# Automated ML

In this capstone project I will showcase how we can use data science as a investigation tool, here we use classfication algorithm to distinguish between normal traffic (good connections) and intrusion or attacks traffic (bad connections). A connection is a sequence of TCP packets starting and ending at some well difined times, between which data flows to and from source IP address to a target IP address under some well defined protocol. We will create Intrusion Detection System (IDS)

In this notebook you will learn how to:
1. Create an `Experiment` in an existing `Workspace`.
2. Create or Attach existing AmlCompute to a workspace.
3. Define data loading in a `TabularDataset`.
4. Configure AutoML using `AutoMLConfig`.
5. Use AutoMLStep
6. Train the model using AmlCompute
7. Explore the results.
8. Test the best fitted model.

#### Import Dependencies.
In the cell below, import all the dependencies that you will need to complete the project.

In [None]:
import os

## Dataset

### Data description
Data is collected by packet analyzers (also known as packet/network/protocol snifers) intercept and log traffic in the network.The dataset that we will use is the NSLKDD dataset. The original 1999 KDD Cup dataset was created for the DARPA Intrusion Detection Evaluation Program, prepared and managed by MIT Lincoln Laboratory. The data was collected over nine
weeks and consists of raw tcpdump traffic in a local area network (LAN) that simulates the environment of a typical United States Air Force LAN. Some network attacks were deliberately carried out during the recording period. There were 38 different
types of attacks, but only 24 are available in the training set. 

#### Data references

https://www.unb.ca/cic/datasets/nsl.html     
https://www.kaggle.com/hassan06/nslkdd

## Initialize Workspace
Initialize a workspace object from persisted configuration. Make sure the config file is present at .\config.json

In [None]:
from azureml.core import Workspace, Experiment

vrk_auto_ids_ws = Workspace.from_config()
vrk_auto_ids_exp = Experiment(workspace=vrk_auto_ids_ws, name="vrk_ids_auto_exp")

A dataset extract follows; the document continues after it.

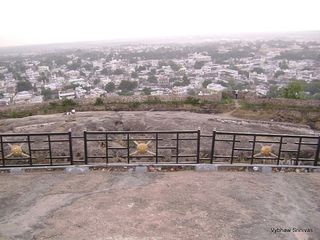 இனிமையான சூழலுடன் காட்சியளிக்கும் கம்மம் பற்றி தெரியுமா?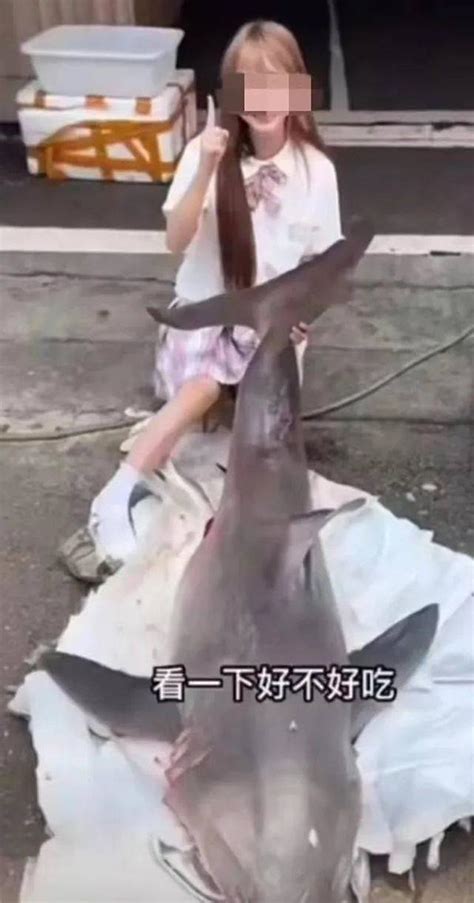 吃噬人鲨网红会被判多久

print('Workspace name: ' + vrk_auto_ids_ws.name, 
      'Azure region: ' + vrk_auto_ids_ws.location, 
      'Subscription id: ' + vrk_auto_ids_ws.subscription_id, 
      'Resource group: ' + vrk_auto_ids_ws.resource_group, sep = '\n')

auto_ids_run = vrk_auto_ids_exp.start_logging()

### Create or Attach an AmlCompute cluster
You will need to create a [compute target](https://docs.microsoft.com/azure/machine-learning/service/concept-azure-machine-learning-architecture#compute-target) for your run. 

In [None]:
from azureml.core.compute import ComputeTarget, AmlCompute
from azureml.core.compute_target import ComputeTargetException

# Choose a name for your CPU cluster
cpu_cluster_name = "cpucluster"

# Verify that cluster does not exist already
try:
    cpu_cluster = ComputeTarget(workspace=vrk_ids_ws, name=cpu_cluster_name)
    print('Found existing cluster, use it.')
except ComputeTargetException:
    compute_config = AmlCompute.provisioning_configuration(vm_size='STANDARD_D2_V2',
                                                           max_nodes=4)
    cpu_cluster = ComputeTarget.create(vrk_ids_ws, cpu_cluster_name, compute_config)

cpu_cluster.wait_for_completion(show_output=True)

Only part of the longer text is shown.